NEW DELHI : Mauritius-based offshore funds facing ambiguity over capital gains tax have received a shot in the arm at last following a verdict of the Mumbai bench of the Income Tax Appellate Tribunal (ITAT). In a case about the foreign direct investment of Indium IV Holdings (Mauritius), the tribunal has allowed the fund to carry forward long term capital loss (LTCL) while simultaneously allowing the fund to claim treaty benefit for short term capital gains (STCG).
The verdict is expected to set a precedent and help many other Mauritius-based funds who are facing similar issues, say tax experts. Foreign investors, just like domestic investors are allowed to offset certain types of capital gains with capital losses to reduce the tax burden.
However, foreign investors can also opt for what are called treaty benefits. India has double tax avoidance agreements (DTAAs) with several countries, including Mauritius, and these treaties allow foreign investors to choose to get taxed either in India or in their home country.
“This ruling holds great importance in clarifying the application of both the Treaty and the Income Tax Act. Taxpayers deserve the flexibility to optimize their tax," said Suresh Swamy, partner, Price Waterhouse & Co LLP.

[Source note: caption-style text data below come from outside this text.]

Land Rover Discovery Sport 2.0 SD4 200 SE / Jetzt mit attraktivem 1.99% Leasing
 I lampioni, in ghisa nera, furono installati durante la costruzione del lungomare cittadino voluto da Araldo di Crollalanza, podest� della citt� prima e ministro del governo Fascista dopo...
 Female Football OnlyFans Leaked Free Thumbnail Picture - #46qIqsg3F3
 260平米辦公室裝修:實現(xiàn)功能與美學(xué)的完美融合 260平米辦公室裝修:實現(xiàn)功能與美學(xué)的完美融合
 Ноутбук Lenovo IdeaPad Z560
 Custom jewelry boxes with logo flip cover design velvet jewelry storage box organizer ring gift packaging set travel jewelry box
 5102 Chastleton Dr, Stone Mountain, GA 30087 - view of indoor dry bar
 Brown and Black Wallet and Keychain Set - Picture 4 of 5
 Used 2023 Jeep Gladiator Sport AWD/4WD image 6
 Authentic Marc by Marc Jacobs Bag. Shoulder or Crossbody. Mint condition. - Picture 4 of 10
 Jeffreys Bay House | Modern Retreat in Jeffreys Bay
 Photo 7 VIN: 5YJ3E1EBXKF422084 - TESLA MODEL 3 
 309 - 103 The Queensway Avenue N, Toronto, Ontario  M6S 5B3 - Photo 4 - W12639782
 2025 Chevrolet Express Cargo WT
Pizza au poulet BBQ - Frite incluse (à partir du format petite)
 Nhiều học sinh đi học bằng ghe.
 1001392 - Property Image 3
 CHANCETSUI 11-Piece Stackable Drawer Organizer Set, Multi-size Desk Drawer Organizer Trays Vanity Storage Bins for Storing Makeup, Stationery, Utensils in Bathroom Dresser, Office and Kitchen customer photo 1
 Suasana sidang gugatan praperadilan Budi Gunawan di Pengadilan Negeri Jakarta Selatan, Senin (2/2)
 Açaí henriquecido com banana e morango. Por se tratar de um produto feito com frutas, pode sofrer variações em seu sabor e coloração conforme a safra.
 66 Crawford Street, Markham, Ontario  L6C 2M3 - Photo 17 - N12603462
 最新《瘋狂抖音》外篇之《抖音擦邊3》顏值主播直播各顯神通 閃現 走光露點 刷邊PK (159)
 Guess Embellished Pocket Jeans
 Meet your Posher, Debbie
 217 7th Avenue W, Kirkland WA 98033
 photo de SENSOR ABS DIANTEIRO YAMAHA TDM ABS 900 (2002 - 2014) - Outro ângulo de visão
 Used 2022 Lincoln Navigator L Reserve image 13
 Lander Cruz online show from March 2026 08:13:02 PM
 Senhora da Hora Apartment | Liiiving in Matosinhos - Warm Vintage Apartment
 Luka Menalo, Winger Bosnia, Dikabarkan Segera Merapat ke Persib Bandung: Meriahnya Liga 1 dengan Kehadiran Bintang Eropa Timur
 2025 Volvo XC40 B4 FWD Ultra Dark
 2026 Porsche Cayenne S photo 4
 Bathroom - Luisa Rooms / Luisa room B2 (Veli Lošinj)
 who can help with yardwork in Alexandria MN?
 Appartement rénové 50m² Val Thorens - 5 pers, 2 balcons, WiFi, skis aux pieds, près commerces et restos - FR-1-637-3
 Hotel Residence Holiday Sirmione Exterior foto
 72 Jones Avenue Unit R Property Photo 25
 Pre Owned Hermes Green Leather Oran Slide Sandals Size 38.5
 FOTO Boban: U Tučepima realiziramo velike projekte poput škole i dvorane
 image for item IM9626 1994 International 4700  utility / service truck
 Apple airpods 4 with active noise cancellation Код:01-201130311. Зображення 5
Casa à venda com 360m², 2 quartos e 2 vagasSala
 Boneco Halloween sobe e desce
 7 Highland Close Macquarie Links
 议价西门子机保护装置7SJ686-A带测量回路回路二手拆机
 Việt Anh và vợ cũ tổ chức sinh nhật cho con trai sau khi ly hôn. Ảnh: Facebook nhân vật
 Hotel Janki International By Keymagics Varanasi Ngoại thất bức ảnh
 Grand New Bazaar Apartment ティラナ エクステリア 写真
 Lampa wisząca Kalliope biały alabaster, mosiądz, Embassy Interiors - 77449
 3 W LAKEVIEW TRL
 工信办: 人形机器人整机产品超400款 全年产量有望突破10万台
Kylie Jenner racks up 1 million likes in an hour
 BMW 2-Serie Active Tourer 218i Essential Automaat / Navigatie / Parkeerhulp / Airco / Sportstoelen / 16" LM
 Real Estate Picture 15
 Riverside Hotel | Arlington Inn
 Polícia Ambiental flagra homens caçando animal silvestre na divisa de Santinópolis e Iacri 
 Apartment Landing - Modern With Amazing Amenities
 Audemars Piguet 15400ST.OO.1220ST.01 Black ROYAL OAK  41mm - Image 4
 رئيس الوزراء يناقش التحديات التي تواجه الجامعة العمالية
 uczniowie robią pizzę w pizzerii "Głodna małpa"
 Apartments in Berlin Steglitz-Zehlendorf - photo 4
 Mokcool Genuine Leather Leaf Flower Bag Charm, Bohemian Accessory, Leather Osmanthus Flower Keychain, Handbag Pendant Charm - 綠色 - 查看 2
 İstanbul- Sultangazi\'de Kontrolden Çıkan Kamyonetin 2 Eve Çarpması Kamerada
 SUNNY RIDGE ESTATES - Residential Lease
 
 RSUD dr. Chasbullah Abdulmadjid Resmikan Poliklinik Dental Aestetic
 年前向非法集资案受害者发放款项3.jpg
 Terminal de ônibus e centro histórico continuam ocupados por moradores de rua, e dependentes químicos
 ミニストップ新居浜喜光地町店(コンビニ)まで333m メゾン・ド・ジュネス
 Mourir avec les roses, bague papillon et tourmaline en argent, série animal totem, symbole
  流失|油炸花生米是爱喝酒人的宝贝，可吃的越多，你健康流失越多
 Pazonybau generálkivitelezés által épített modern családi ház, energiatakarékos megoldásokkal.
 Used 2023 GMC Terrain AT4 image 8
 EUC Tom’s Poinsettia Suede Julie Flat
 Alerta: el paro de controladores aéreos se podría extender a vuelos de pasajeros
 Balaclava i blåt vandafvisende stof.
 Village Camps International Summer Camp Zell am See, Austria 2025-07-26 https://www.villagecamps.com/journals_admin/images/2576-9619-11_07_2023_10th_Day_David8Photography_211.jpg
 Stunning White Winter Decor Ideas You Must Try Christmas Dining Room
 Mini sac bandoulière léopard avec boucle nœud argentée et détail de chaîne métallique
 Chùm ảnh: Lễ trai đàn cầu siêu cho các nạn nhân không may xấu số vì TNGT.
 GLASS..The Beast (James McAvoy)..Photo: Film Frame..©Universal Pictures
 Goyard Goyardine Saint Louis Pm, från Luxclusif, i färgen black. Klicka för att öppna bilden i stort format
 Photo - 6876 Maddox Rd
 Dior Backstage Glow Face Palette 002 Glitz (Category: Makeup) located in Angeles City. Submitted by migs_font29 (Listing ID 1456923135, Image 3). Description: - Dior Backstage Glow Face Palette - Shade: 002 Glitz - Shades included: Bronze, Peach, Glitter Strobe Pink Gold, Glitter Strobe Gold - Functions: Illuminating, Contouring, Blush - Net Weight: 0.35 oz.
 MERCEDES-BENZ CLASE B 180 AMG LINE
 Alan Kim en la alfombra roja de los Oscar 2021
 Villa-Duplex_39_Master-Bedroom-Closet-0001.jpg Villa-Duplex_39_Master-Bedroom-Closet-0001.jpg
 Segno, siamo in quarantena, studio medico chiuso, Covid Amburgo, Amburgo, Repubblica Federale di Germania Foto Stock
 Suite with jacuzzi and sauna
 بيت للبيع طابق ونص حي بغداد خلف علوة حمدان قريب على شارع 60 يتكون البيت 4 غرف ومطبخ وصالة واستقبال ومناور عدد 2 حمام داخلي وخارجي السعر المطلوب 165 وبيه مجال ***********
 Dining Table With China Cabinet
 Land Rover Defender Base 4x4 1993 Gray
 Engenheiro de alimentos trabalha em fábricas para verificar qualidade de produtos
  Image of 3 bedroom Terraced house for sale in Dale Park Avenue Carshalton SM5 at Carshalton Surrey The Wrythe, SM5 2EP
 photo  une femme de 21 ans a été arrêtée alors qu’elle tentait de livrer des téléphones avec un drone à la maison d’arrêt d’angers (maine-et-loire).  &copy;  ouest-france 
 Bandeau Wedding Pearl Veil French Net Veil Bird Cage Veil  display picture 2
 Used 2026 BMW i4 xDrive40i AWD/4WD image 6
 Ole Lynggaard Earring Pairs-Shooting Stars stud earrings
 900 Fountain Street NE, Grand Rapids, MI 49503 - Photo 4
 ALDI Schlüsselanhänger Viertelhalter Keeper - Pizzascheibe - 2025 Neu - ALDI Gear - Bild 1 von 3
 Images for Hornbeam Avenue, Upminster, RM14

“Allowing the carry forward of long-term capital losses under the Income Tax Act while benefiting from the India-Mauritius DTAA for short-term capital gains exemption dispels ambiguity surrounding the choice of tax provisions. This decision marks a significant stride toward achieving clarity in the continually evolving tax landscape." In this case, in FY18 Indium made an STCG of ₹219 crore by selling shares of some companies while it also accrued LTCL of ₹14 crore in a different transaction.